Least Privilege & Just Enough Admin
Least privilege means giving every account exactly the permissions it needs to do its job — no more, no less — and Just Enough Administration (JEA) enforces this at the PowerShell level.
In many organizations, IT staff are given Domain Admin rights "just in case" they need them. This means every one of those accounts is a golden ticket for attackers — compromise one, and you own the whole domain. Least privilege flips this: instead of "give everything, restrict later," you start with zero access and add only what is needed. A helpdesk person who resets passwords gets password-reset rights only, not Domain Admin. An application gets read access to its own OU, not the entire directory. Microsoft's Just Enough Administration (JEA) takes this further by creating restricted PowerShell endpoints that let admins run only pre-approved commands.

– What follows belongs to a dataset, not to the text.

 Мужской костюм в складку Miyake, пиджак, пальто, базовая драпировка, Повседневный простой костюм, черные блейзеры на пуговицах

At a well-run hotel, your keycard opens your room and the pool, but not other guests' rooms, the kitchen, or the manager's office. The front desk staff can access check-in systems but not the financial safe. The manager's master key is locked in a vault and only used in emergencies. Least privilege in AD works the same way: every account gets a keycard that opens only the doors it absolutely needs.
Try It Yourself
Key Takeaways
- Start with zero access and add only necessary permissions — never the reverse.

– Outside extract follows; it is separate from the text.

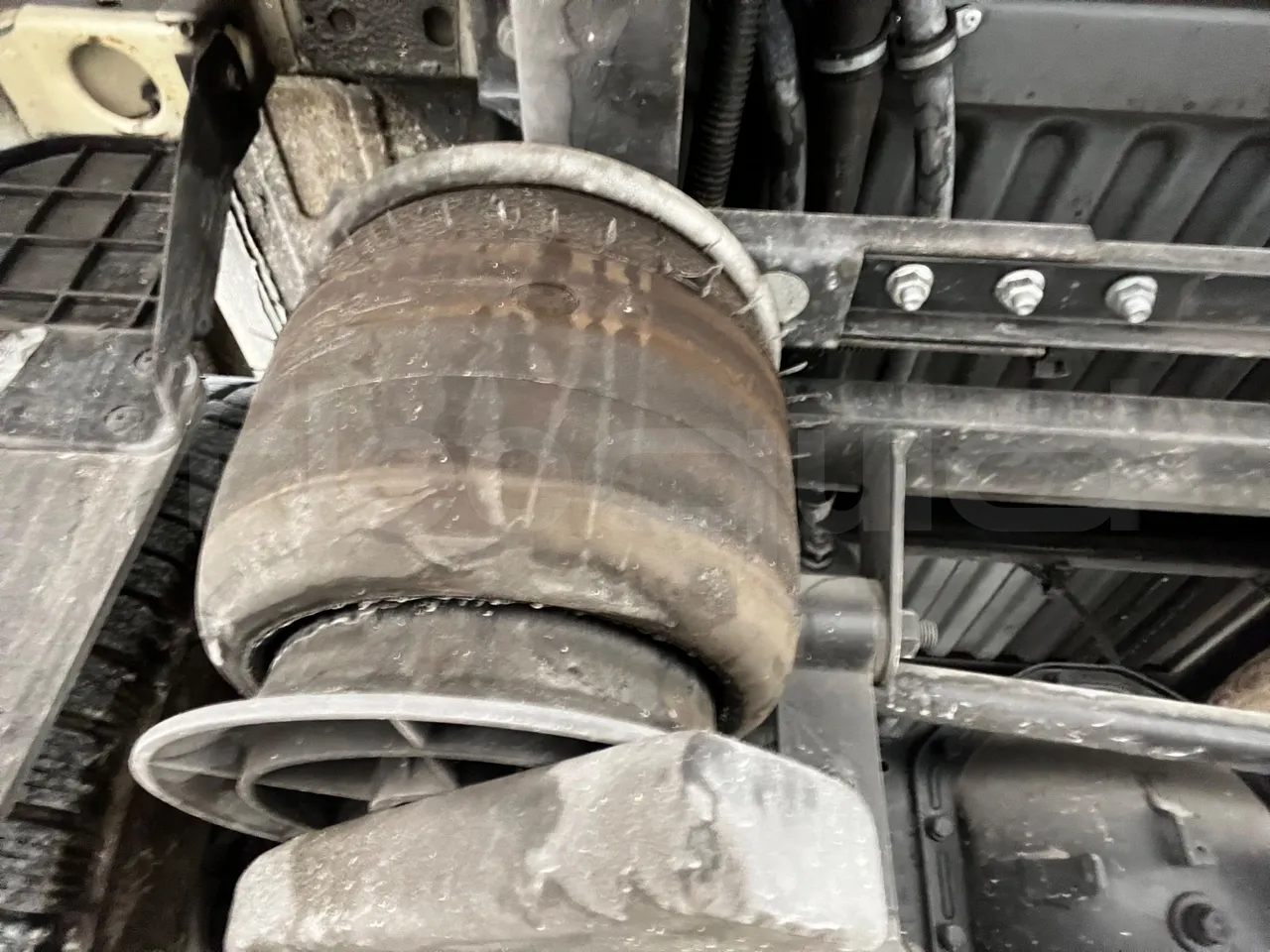 Iveco Daily A65C18 - EUR6 - 129kW - 7.686m - axle 2 shock absorbers 1 left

- Remove unnecessary Domain Admin, Enterprise Admin, and Schema Admin memberships.
- Use Delegation of Control to assign granular permissions at the OU level.
- JEA provides restricted PowerShell endpoints where admins run only approved commands.
- Combine with JIT access (time-limited elevation) to eliminate standing admin rights.
Every unnecessary admin account is an attack surface. Least privilege shrinks the blast radius of any compromise: even if an attacker gets a credential, they get only limited access instead of domain-wide control.